-------- DATA --------

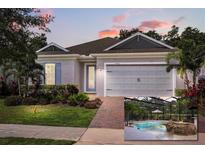 Beautiful one-story home with manicured lawn and screened pool overlooking lush golf course at 7778 Four Seasons Blvd, Kissimmee, FL 34747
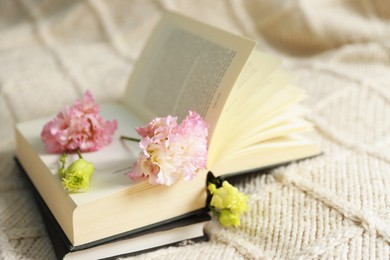 Open book with beautiful flowers on blanket, closeup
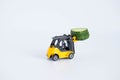 A toy loader or construction crane in bright yellow carries a piece of cucumber and a piece of black freshly baked bread. Close-up Royalty Free Stock Photo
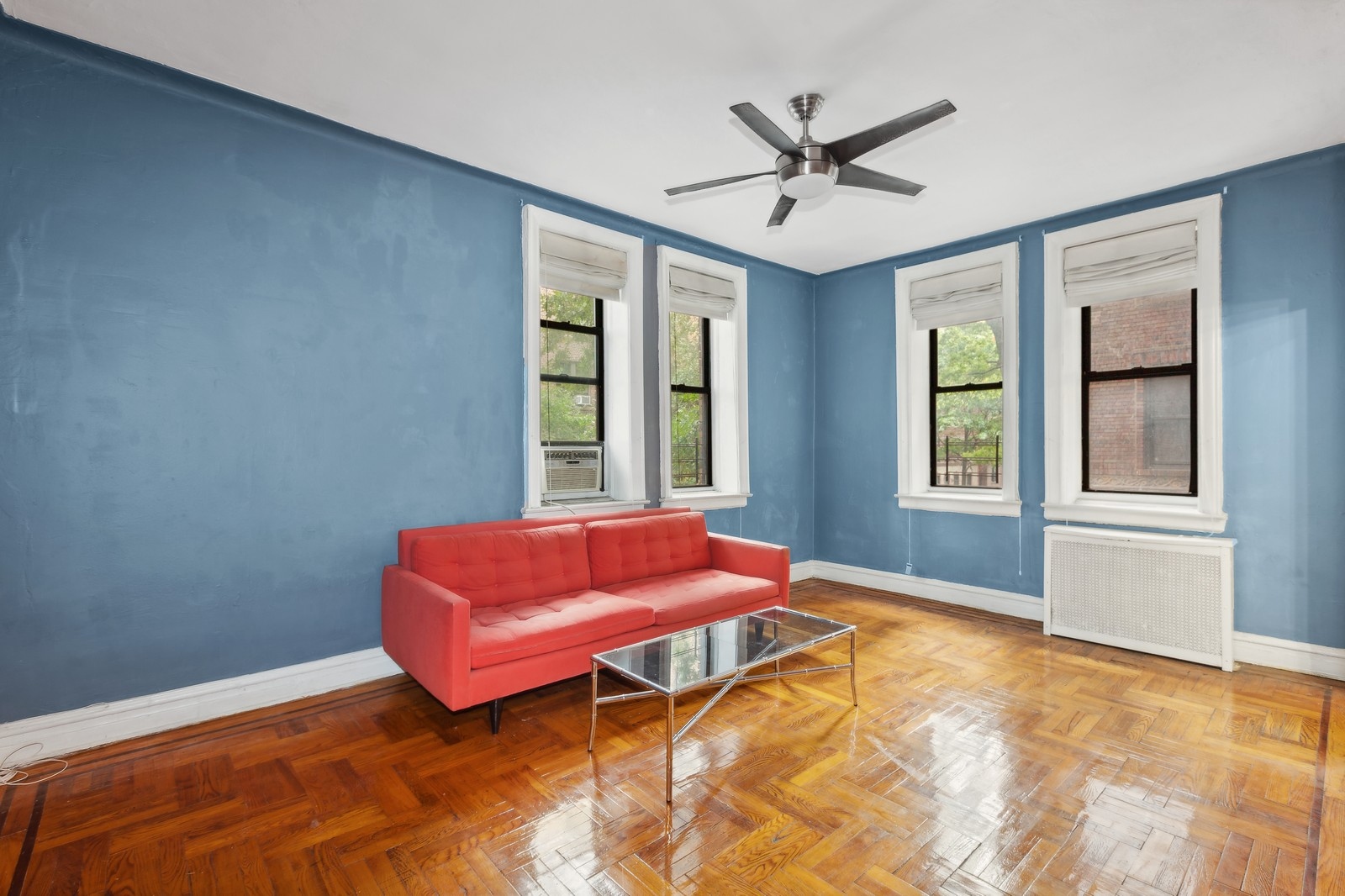 a blue bed sitting in a bedroom next to a window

--------

**WHAT THE EXERCISE ASKS**
Copying starts at the line containing "Open book with" and ends at the last line of the material above; repeat only those lines exactly and omit the pictures.

**YOUR SOLUTION**
 Open book with beautiful flowers on blanket, closeup
 A toy loader or construction crane in bright yellow carries a piece of cucumber and a piece of black freshly baked bread. Close-up Royalty Free Stock Photo
 a blue bed sitting in a bedroom next to a window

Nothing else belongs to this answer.